ヴェルディ、代表、二次元、女子バレー 他
城福さんの思考法
2010年04月18日 (日) | 編集 |
"癖"(くせ)、くらいに言っておいた方が、無難かな?
6節鹿島戦後の監督談話が、個人的に非常に面白かったです。(J's Goal)

自分たちが目指す攻撃と守備は、試合内容がよかろうが、悪かろうが変えずにやってきています。
そこから逆算したときに、何が足りないのか、どこにが振れているかを考えなければいけない。

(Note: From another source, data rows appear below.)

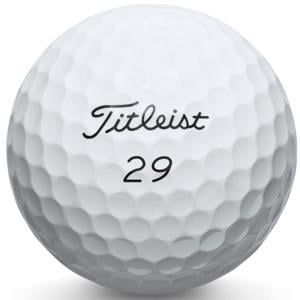 Titleist Pro V1 Special Play Number Golf Balls
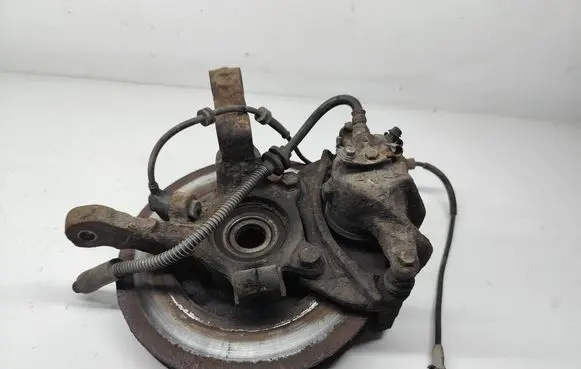 Citroen Jumper Front wheel hub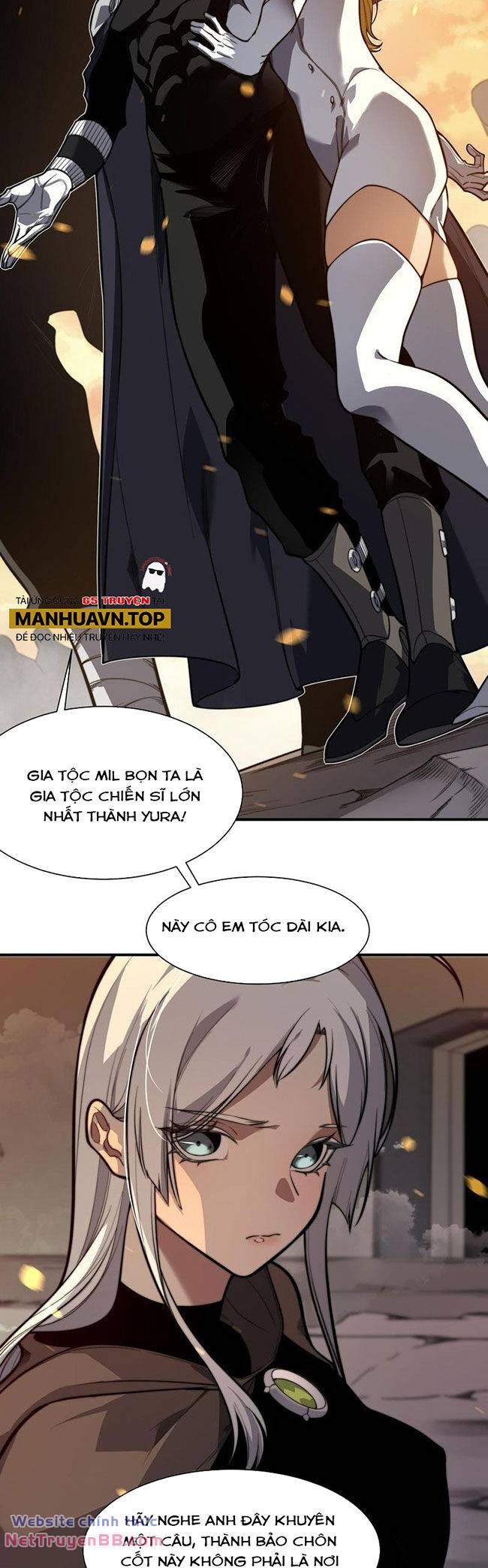 Quỷ Tiến Hóa - Chapter 49 - Page 8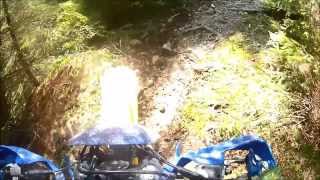 preview picture of video 'Enduro Vareš, ribljkak Strica'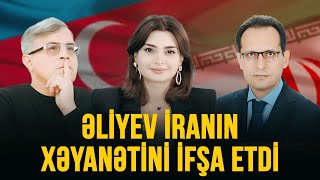 ƏLİYEV İRANIN XƏYANƏTİNİ İFŞA ETDİ |  BİZİM MÖVQE CANLI YAYIM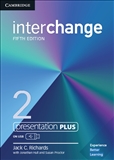 Interchange Fifth Edition 2 Presentation Plus USB 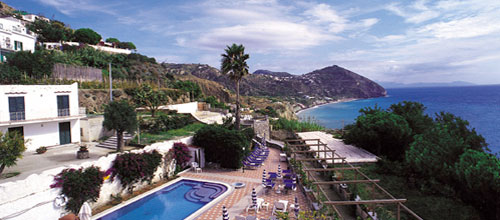 L'Hotel Loreley di Sant’Angelo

例えば、一つの例として自分たちのバイタルエリアを意識すれば、アグレッシブに奪いにいくところが薄まる。攻撃もカウンターを意識すれば、今度は遅攻の判断やポジショニングが少し疎かになってしまう

人間は、何かを追求すれば、何かが疎かになってしまう。僕は『12時ちょうどの針』という話を、よく選手にします。今日もどちらかの針が振れている。なぜか?前節や、その前の試合で10時に振れているからです。そこで我々は、12時ちょうどを目指してはいけない。1時や、2時の場所を目指さなければいけない。損なわれてしまったことを意識しながら、他の部分が失われないようにもしなければいけない。その努力を毎回しています。ちょっとわかりづらいですかね(苦笑)


"何かを追求すれば、何かが疎かになってしまう"というのは、言葉としてこれだけ取り出してしまうと、至って当たり前のことではありますが。
またこの談話オンリーで一番面白いのは、多分"10時のところから12時ちょうどに至る為に、1時や、2時の場所を目指す"という、「振り子の理論」(笑)というか振り子指導法というか、それ自体でしょうね。(まあ、"針"ですけど(笑))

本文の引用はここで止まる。